==== Listed records ====

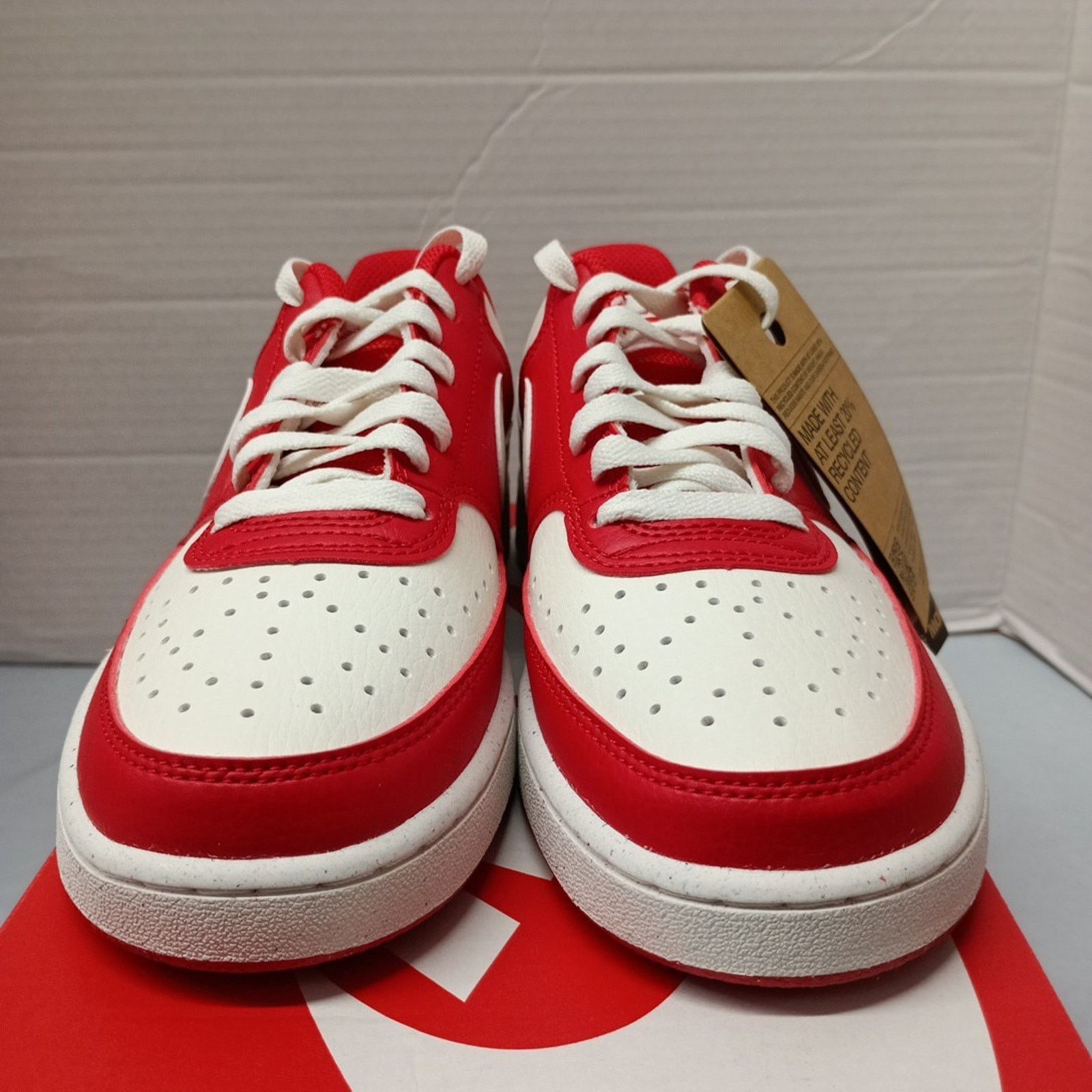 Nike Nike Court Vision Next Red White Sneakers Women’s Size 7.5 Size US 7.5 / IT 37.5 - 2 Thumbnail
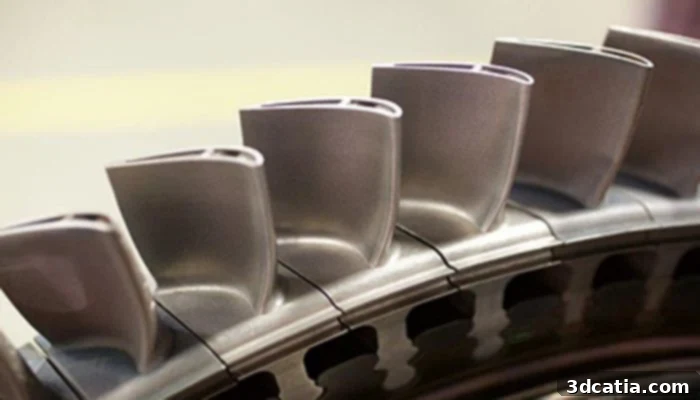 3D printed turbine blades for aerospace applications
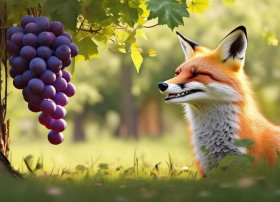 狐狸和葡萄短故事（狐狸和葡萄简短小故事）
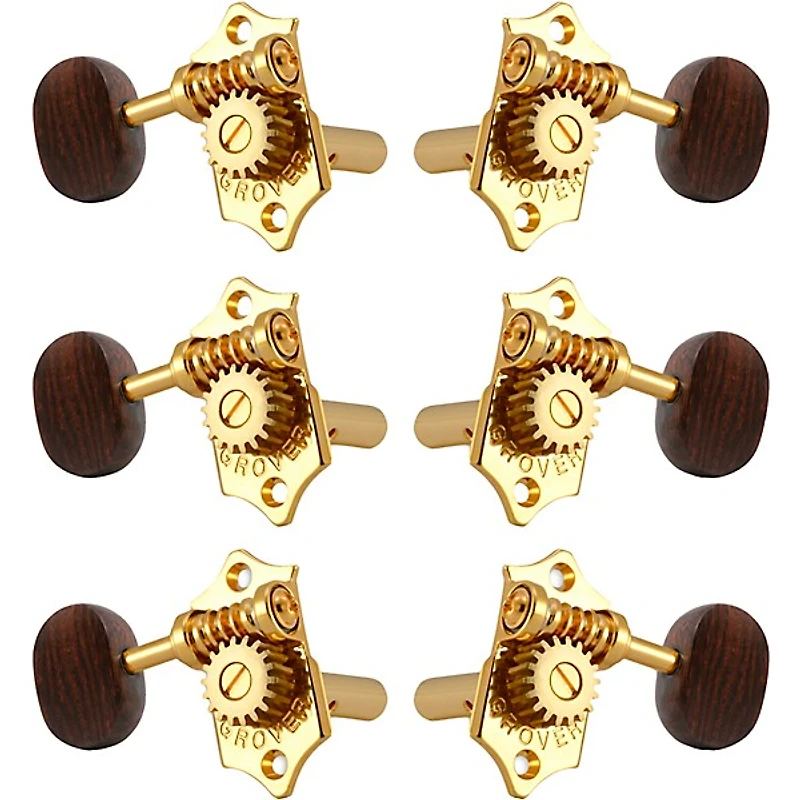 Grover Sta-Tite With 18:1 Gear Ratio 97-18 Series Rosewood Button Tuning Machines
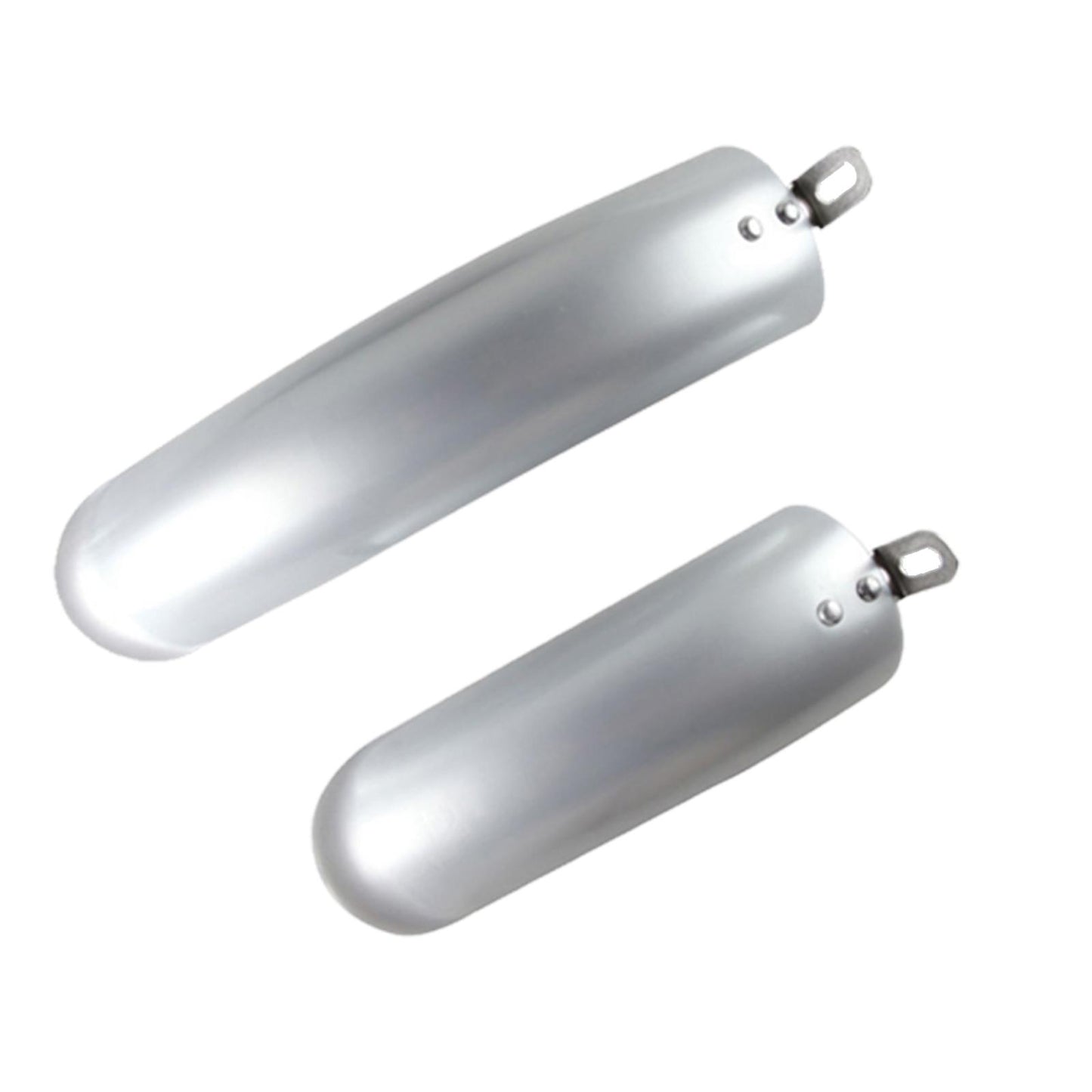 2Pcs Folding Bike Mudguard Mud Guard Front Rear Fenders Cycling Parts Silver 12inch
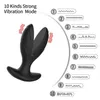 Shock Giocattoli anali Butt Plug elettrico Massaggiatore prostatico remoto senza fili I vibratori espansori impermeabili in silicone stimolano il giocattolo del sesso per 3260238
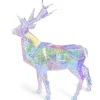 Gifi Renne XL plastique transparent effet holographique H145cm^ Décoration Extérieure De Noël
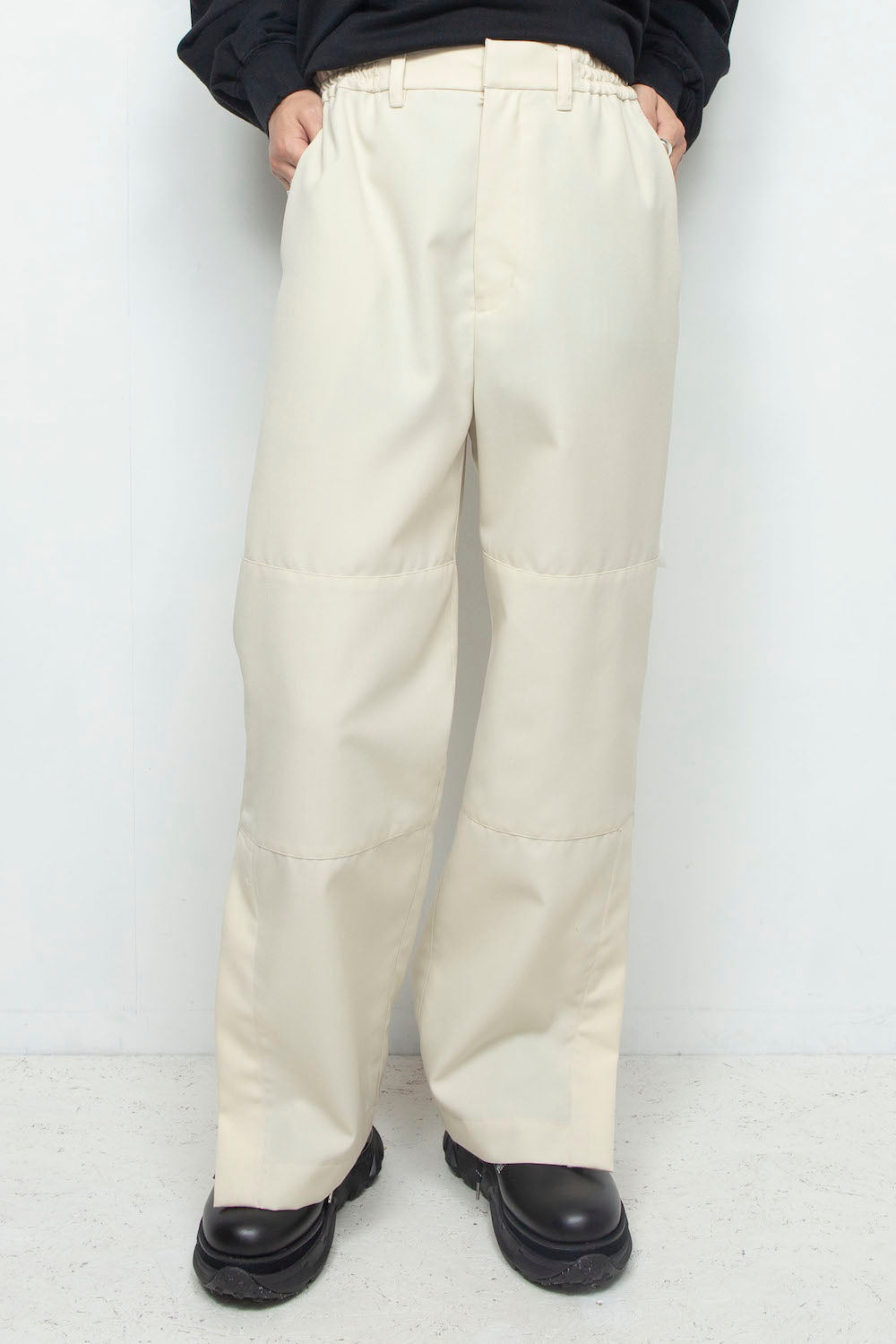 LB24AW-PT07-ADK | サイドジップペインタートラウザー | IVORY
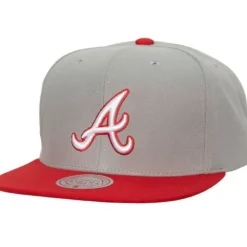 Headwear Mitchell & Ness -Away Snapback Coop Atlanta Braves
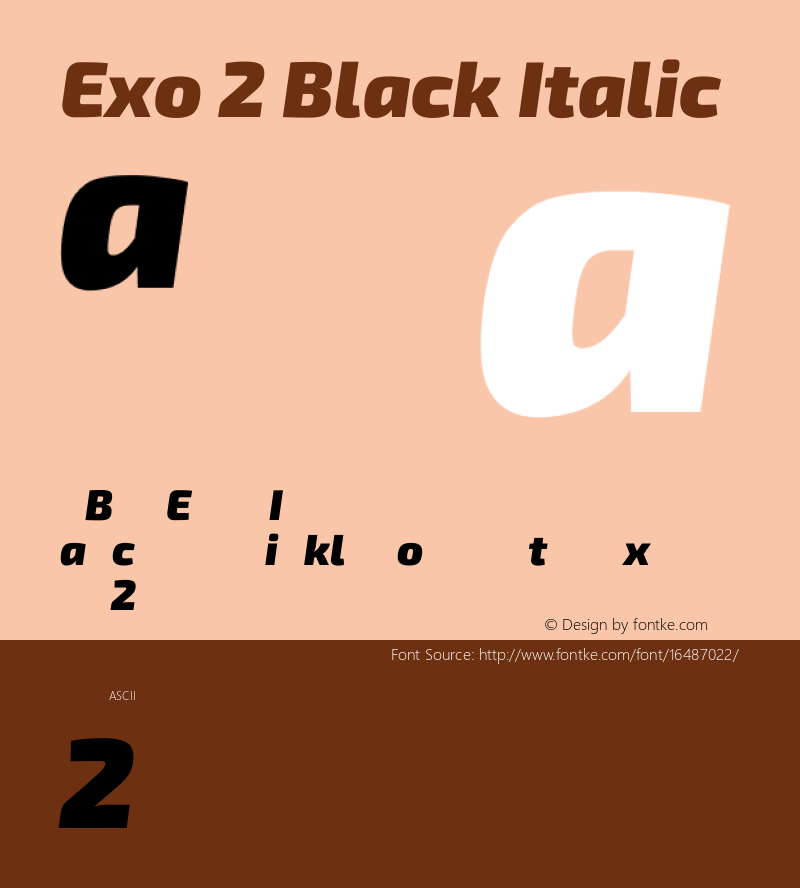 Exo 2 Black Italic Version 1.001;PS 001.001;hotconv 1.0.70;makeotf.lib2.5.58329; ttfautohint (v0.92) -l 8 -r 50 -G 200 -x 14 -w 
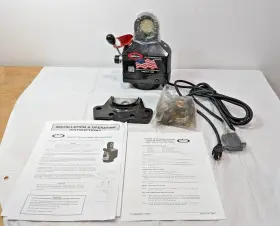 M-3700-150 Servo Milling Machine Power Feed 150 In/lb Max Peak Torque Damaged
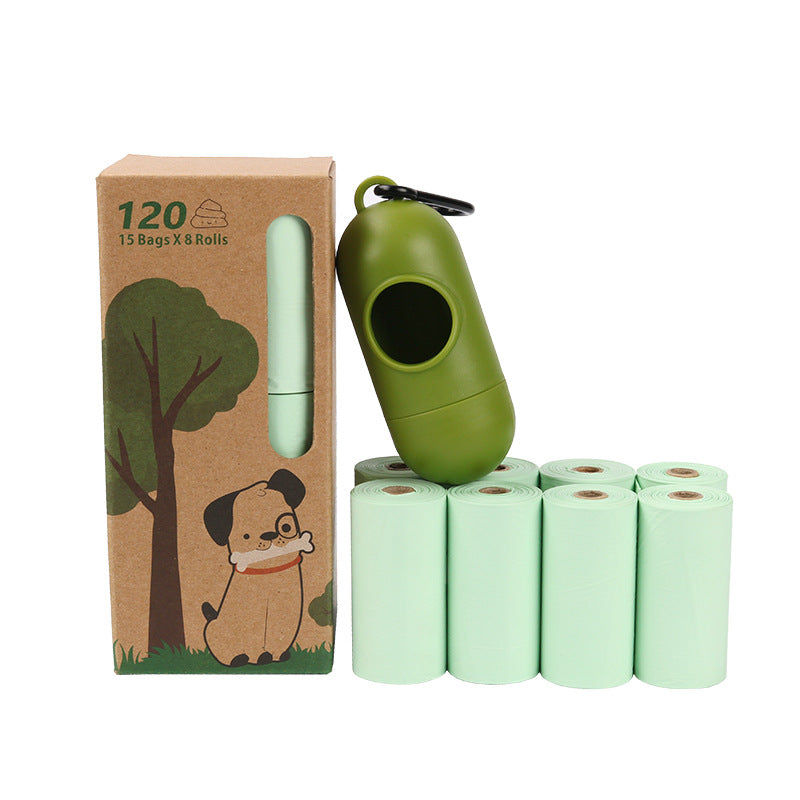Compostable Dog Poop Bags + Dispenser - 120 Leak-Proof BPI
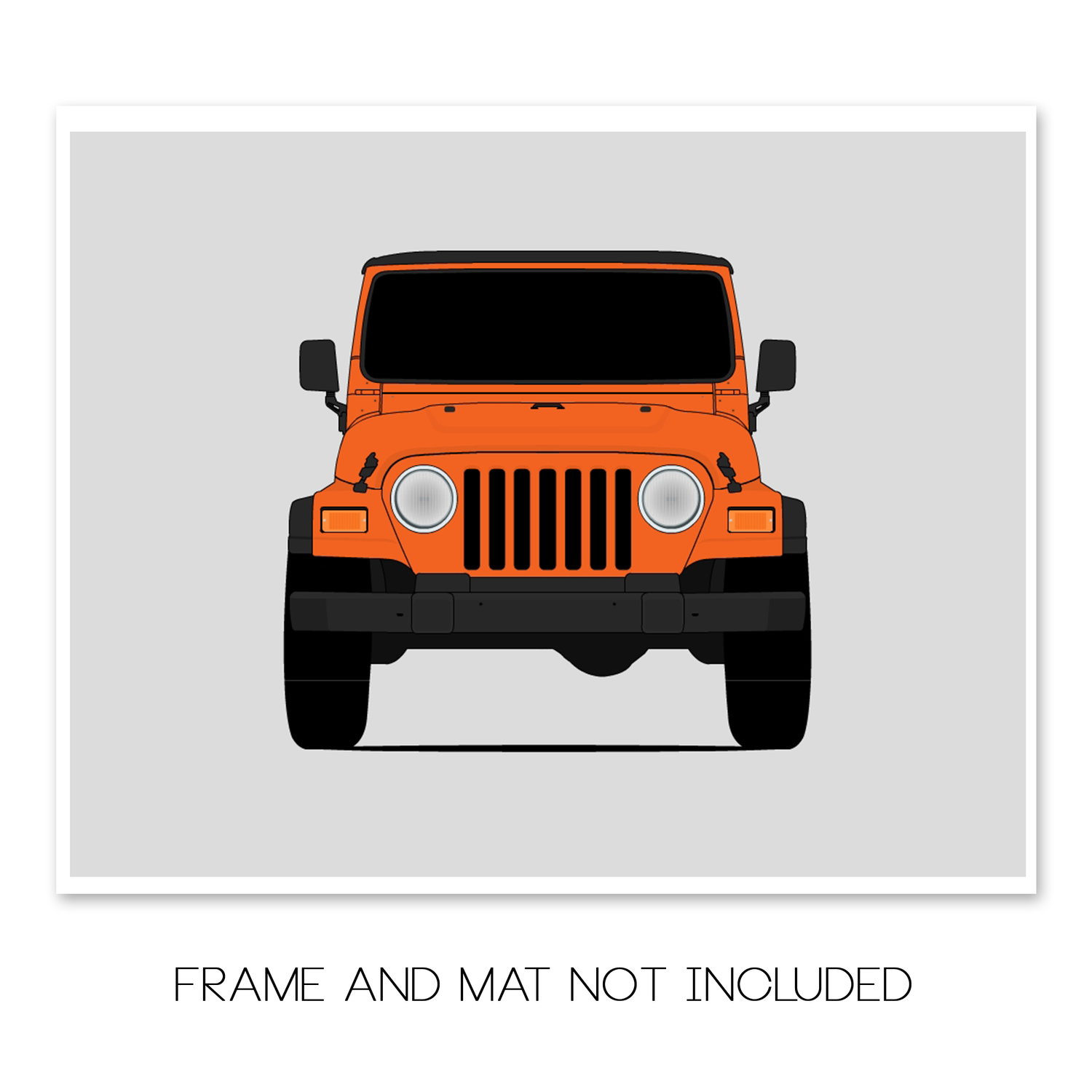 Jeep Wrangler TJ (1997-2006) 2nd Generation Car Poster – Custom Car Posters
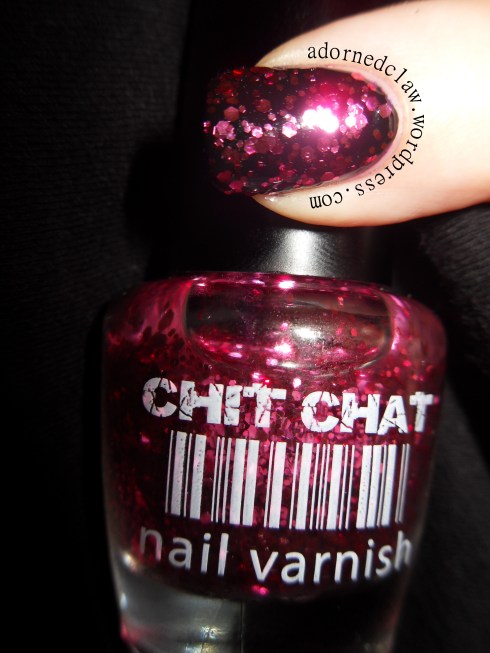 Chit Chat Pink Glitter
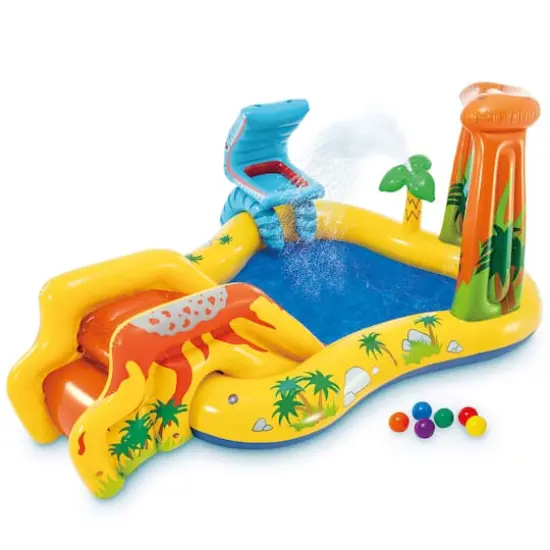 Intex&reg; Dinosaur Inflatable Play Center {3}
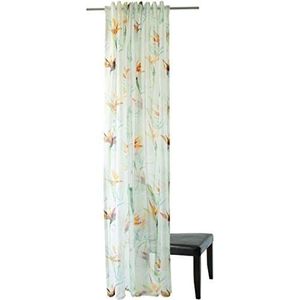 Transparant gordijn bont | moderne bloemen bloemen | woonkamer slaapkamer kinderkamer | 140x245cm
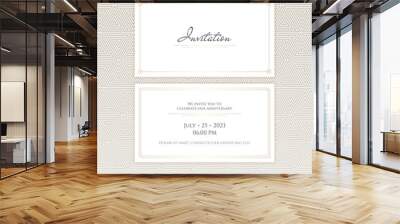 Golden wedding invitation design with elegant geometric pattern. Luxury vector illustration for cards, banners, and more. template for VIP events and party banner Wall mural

====

— Aim of the exercise —
Look through the listing above for the line with "狐狸和葡萄短故事（狐狸和葡萄简短小故事）" and the line with "LB24AW-PT07-ADK | サイドジップペインタートラウザー | IVORY". Write out exactly those lines and everything between, leaving out pictures.

— Your solution —
 狐狸和葡萄短故事（狐狸和葡萄简短小故事）
 Grover Sta-Tite With 18:1 Gear Ratio 97-18 Series Rosewood Button Tuning Machines
 2Pcs Folding Bike Mudguard Mud Guard Front Rear Fenders Cycling Parts Silver 12inch
 Shock Giocattoli anali Butt Plug elettrico Massaggiatore prostatico remoto senza fili I vibratori espansori impermeabili in silicone stimolano il giocattolo del sesso per 3260238
 Gifi Renne XL plastique transparent effet holographique H145cm^ Décoration Extérieure De Noël
 LB24AW-PT07-ADK | サイドジップペインタートラウザー | IVORY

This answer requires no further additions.